Coaching and training are indispensable to Agile transformations. This can be difficult for some organizations to accept.Agile frameworks are simple to understand, but there are many nuances to handling the complexities involved in an Agile transformation.While it is often helpful to tap into outside resources (books, websites, courses or consultants), the organization will need someone who understands the subtleties of Agile transformations and the context of the organization to make the transition as successful as possible.We refer to this role as the “internal Agile coach” and we often encourage clients to identify one or more such individuals as the organization's need for Agile knowledge and understanding grows. Being an Agile coach requires a wide range of human qualities, skills and experience, and selecting one for the company should be done carefully.In this article, we discuss when you need an Agile coach, what an Agile coach does, and a few tips on how you might create your own internal Agile coach.

Part I - When do you need an internal coach?

1. Symptoms of the Need for Coaching

Many companies embark on their Agile journey alone. Some will persist in the Do-It-Yourself (DIY) method and others will determine that they need help in the form of expert training and coaching provided by a professional Agile consultant from outside the company. As Agile spreads within the enterprise it will either become apparent or the Agile consultant will suggest that the company create an internal coaching position to better serve the needs of the evolving organization.

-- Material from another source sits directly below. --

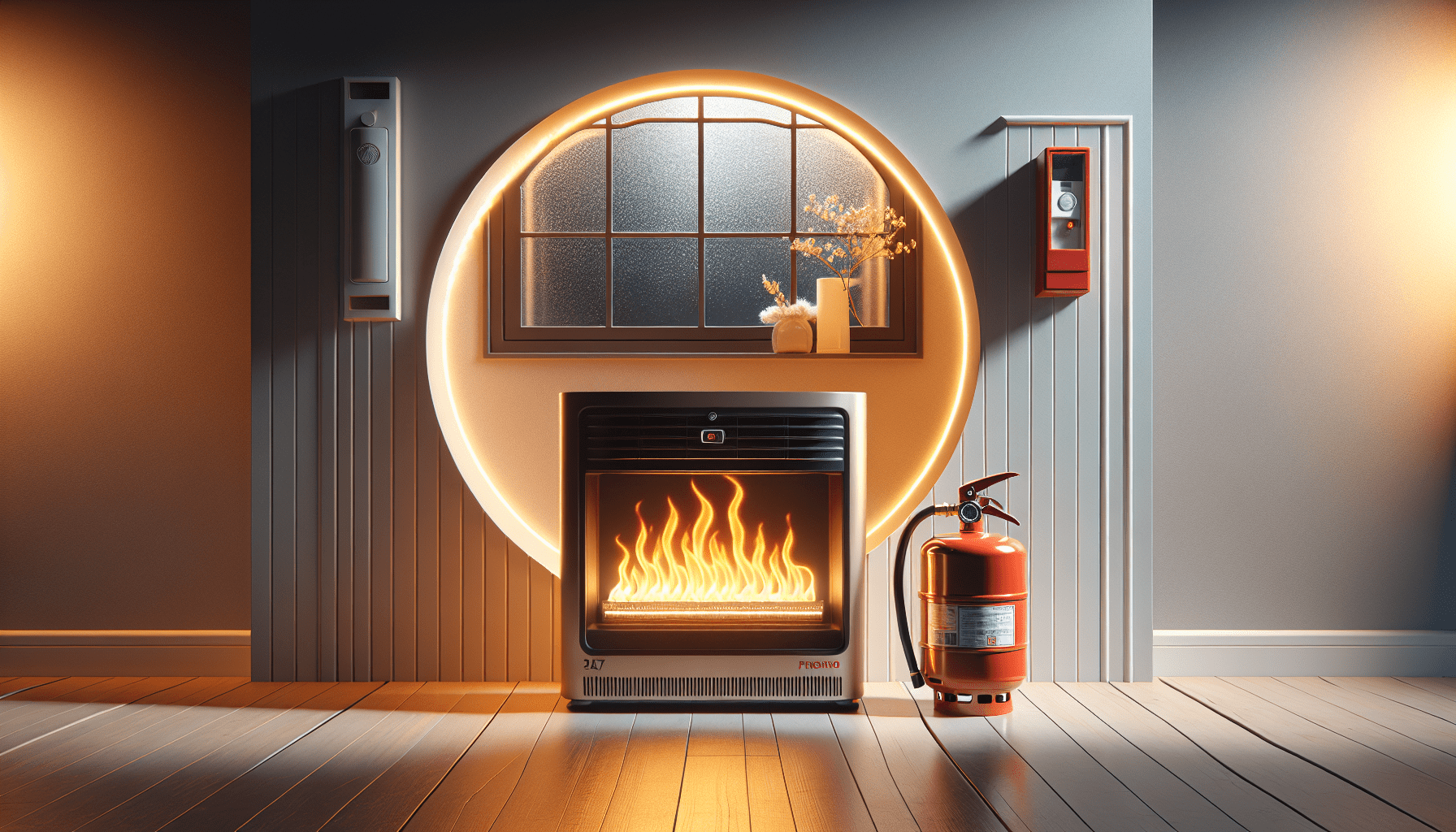 Propane Heater Safety Tips: What You Need To Know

Sometimes the need is not so obvious. DIY companies in particular can take a long time to realize that Agile expertise exists and that not enough of it is available within the company.

Deciding to create internal Agile expertise can be guesswork or deliberate. Some symptoms of an organization ready for a funded, centralized, dependable, persistent corporate Agile presence are:

  • There is no way to judge the success of the existing Agile teams
  • Teams show a wide variance in their success
  • Teams show largely unsatisfactory Agile implementations, a lack of success, or a lack of benefits compared to what went before
  • Your outside consultant(s) becomes a bottleneck to your rollout
    • For financial reasons – they just cost too much
    • Because they cannot meet your demand
    • Because they are not experienced enough to meet all of your needs
  • Your Agile implementation is moving from individual teams to programs
  • Other organizations within the company notice that they are not aligned with the Agile organizations

The first three are about how well your Agile teams are doing. If you are well into the adoption of Agile methods and you can’t tell how well your teams are doing, or if your teams are doing poorly, you will want to take action. In a PMO-driven world, you would put in numerous rules and oversight to address these issues. In an Agile world, you want to provide support, training, and education in order to make teams more successful in discovering the best implementations and benefits from Agile methods. You will also want to distil and synthesize from your successes a localized formula for adopting Agile, so that training and coaching can be as effective as possible within your organization.

One good way to do this is to provide someone who is well versed in Agile and who can both assess Agile maturity and provide coaching services (see below) to your teams.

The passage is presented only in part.